| What is being asked |
Reproduce the records below exactly, leaving their images out.

-- Opening Marker --

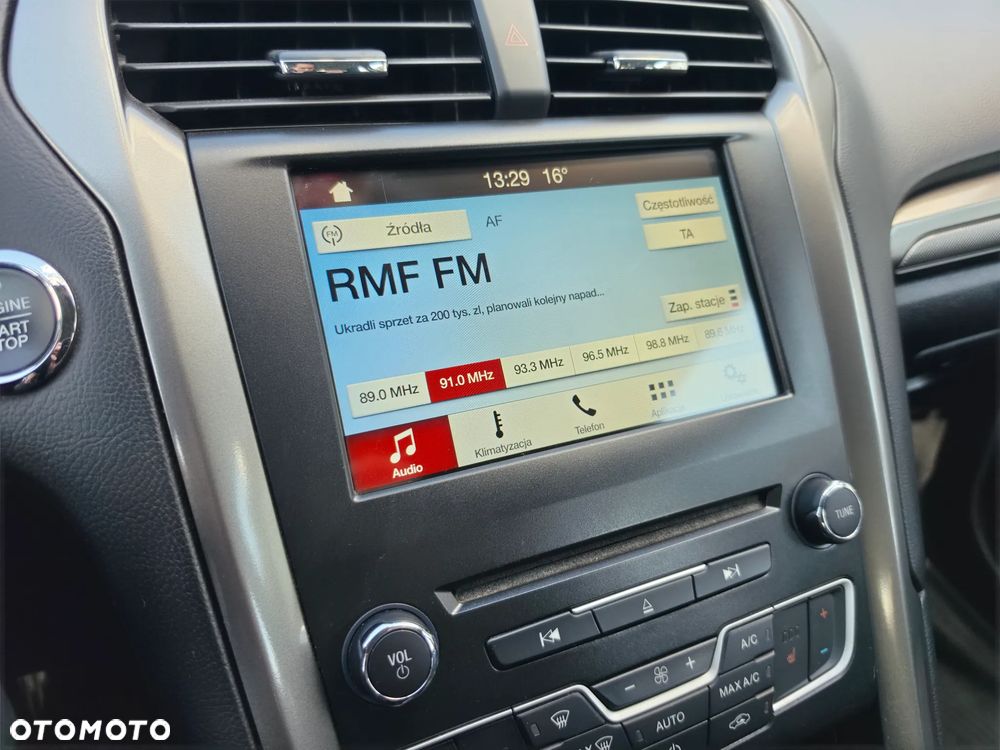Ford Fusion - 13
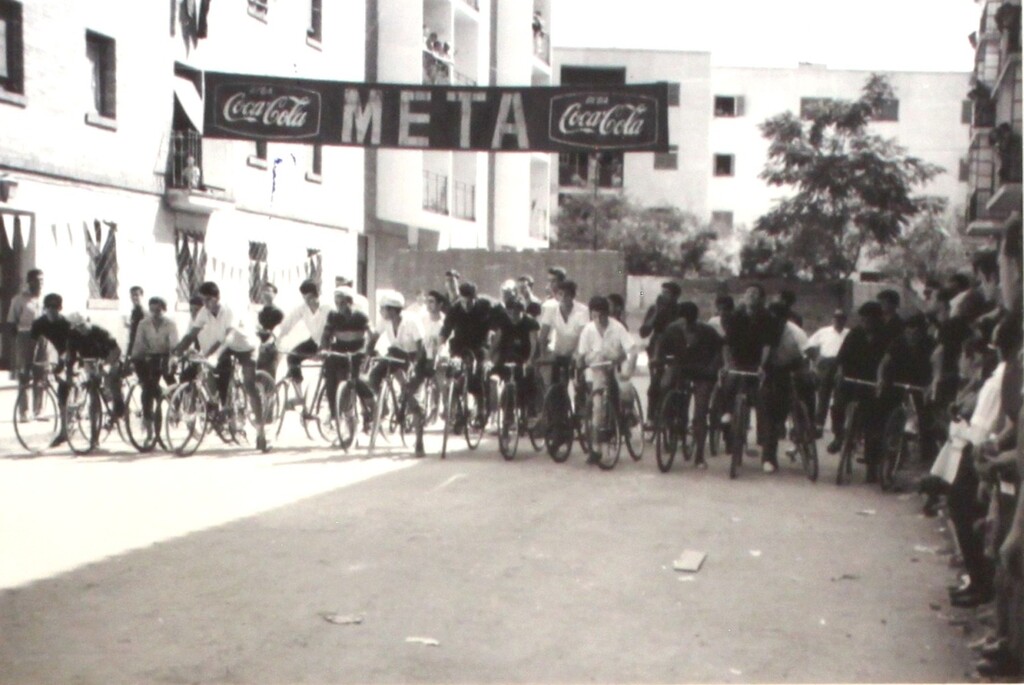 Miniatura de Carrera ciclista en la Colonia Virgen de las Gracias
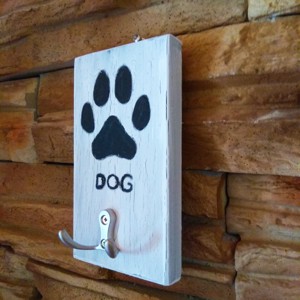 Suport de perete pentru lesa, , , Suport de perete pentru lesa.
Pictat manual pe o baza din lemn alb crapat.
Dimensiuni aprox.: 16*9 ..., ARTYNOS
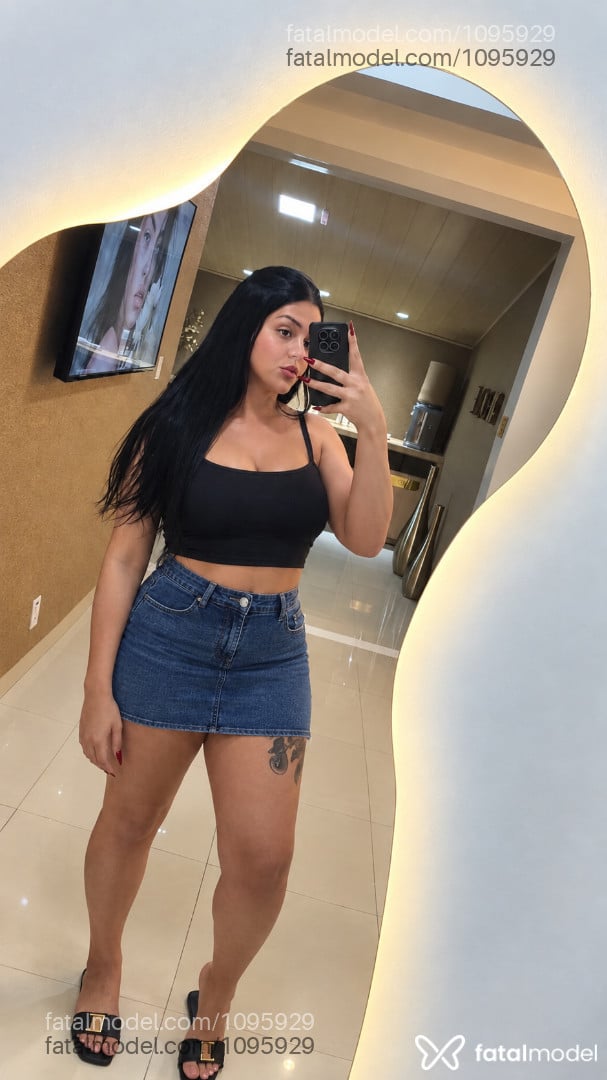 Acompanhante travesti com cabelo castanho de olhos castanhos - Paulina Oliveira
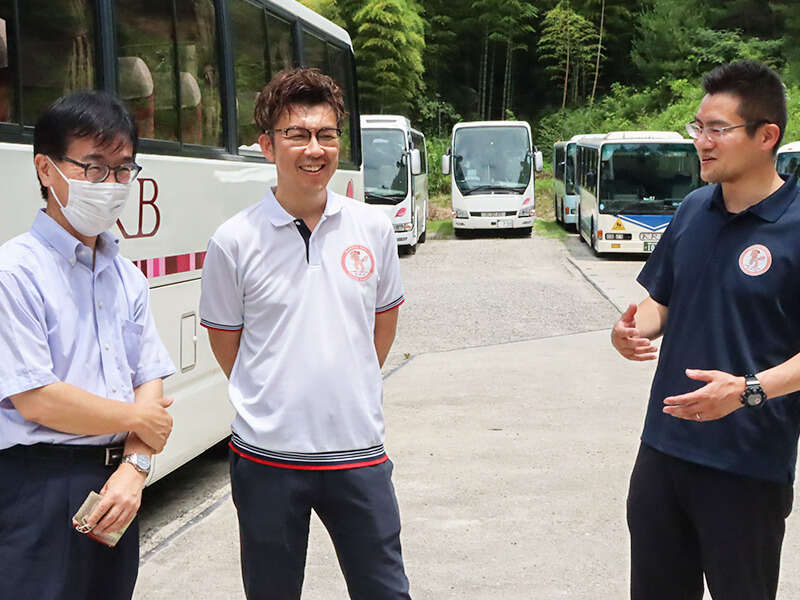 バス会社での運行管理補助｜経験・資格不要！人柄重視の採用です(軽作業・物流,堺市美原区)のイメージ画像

-- Closing Marker --

| Result |
Ford Fusion - 13
 Miniatura de Carrera ciclista en la Colonia Virgen de las Gracias
 Suport de perete pentru lesa, , , Suport de perete pentru lesa.
Pictat manual pe o baza din lemn alb crapat.
Dimensiuni aprox.: 16*9 ..., ARTYNOS
 Acompanhante travesti com cabelo castanho de olhos castanhos - Paulina Oliveira
 バス会社での運行管理補助｜経験・資格不要！人柄重視の採用です(軽作業・物流,堺市美原区)のイメージ画像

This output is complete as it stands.